Finally the news many have been waiting in anticipation for has arrived, details of who will qualify as an ‘active farmer’ under the Basic Payment Scheme from 2015. Overall it appears that smaller farmers and smallholders, farming about 20 hectares and below (down to five hectares) will, in the main, be eligible.
The first part of the test is for one to consider whether you are a farmer under the new rules. A ‘farmer’ is a person or business that carries out an agricultural activity, which means either producing, rearing or growing agricultural products. This activity can include harvesting, milking, breeding animals and keeping animals for farming purposes. Or it can also mean maintaining an agricultural area so that it is kept clear of dense scrub. This definition is broad, however it is not the farmer definition that is so important, one must be an ‘active farmer’ in order to be eligible.
Not all ‘farmers’ will automatically be considered an ‘active farmer’ solely because they carry out an agricultural activity or because they have a large farm or estate. ‘Farmers’ with a total claim in the previous year of under €5,000 (in 2014 this will probably equate to less than 20 hectares) will automatically qualify as an ‘active farmer’. For new claimants in this scenario the Rural Payments Agency (RPA) will multiply the number of eligible hectares of land the farmer declares in the year of the claim by the average payment rate in the previous year (SPS or BPS) to determine this aspect of the test. For larger holdings, effectively farms with over about 20 ‘eligible’ hectares, a ‘farmer’ will qualify as an ‘active farmer’ unless they operate any of the following non-agricultural activities: airports; railway services; waterworks; real estate services; permanent sport & recreational grounds.
Farmers operating any of these activities may still qualify as active farmers if they can confirm that they also carry out significant agricultural activity. It should also be noted that the active farmer rule applies only to the farming business making a subsidy claim, not any other businesses connected to it. The further test of significant agricultural activity, or ‘readmission criteria’, involves either being able to demonstrate that annual subsidy payments are at least 5% of the business’s total non-agricultural receipts in the latest financial year, or their total agricultural receipts are at least 15% of their total receipts in the latest financial year, or their principle business or company ‘objects’ include an agricultural activity. The former two tests are limited to an EU defined list that are considered agricultural activities (or not), however it is clear that receipts from contract farming, rented land and sporting activities (shooting, hunting & fishing) will not count towards one’s agricultural income when considering the ‘active farmer’ test. For further detail about the latter we must wait for DEFRA announcements later this year.

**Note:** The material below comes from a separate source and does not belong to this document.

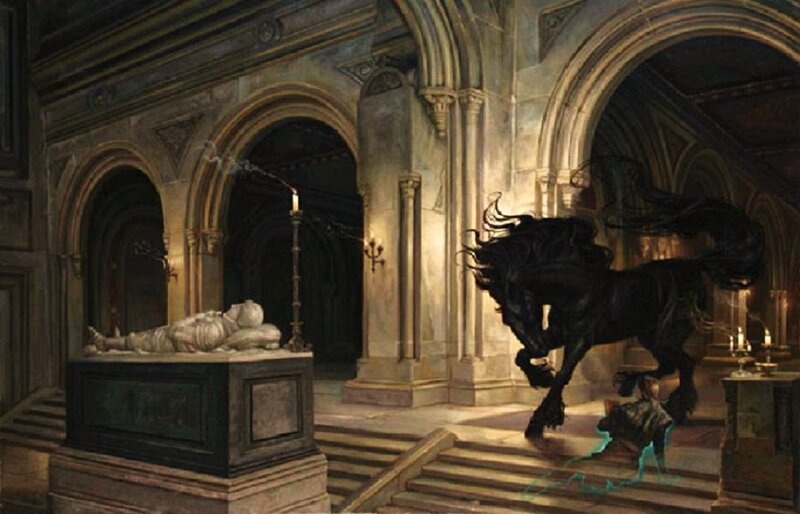 Black Horse in Crypt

Equestrian operations will need careful consideration if they are ‘operated’ by the farming business. This will be particularly relevant for those with a manége which is not solely for personal use and includes a spectator stand or viewing cabin, as this may be considered a permanent structure for a sports/recreational ground. Although the buildings and stables of a livery or riding school will not fall into this definition, stables provided for the use of competitors will, if there are also grounds which meet the criteria. If this is the case the ‘farmer’ will need to demonstrate that they are an ‘active farmer’ by showing that they meet one of the three ‘readmission criteria’.

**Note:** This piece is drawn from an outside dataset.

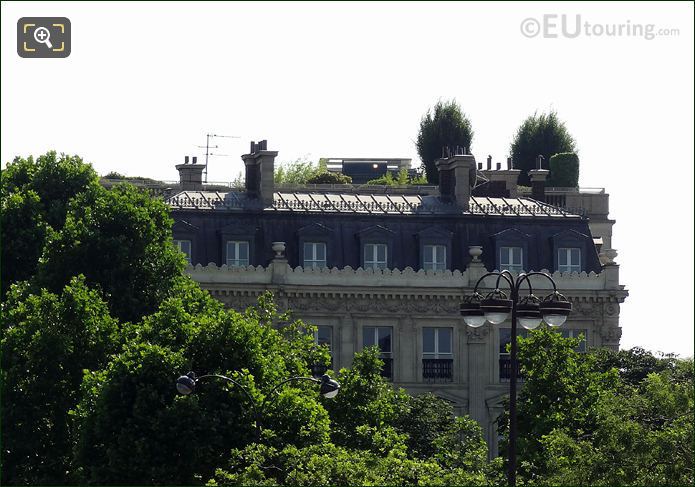 Roof top garden in Paris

The latest guidance also mentions that where claimants have split their businesses, by setting up a separate company for example, as a direct result of these new rules, their claim will be rejected. This could lead to the loss of one’s entitlements in 2015 and therefore professional advice should be sought well in advance of the 15th May 2015 to fully consider one’s options moving forward. It will be interesting to see how this is applied in practice by the RPA, as there will surely be those who are setting up companies for other reasons in 2015 and as a result splitting their businesses.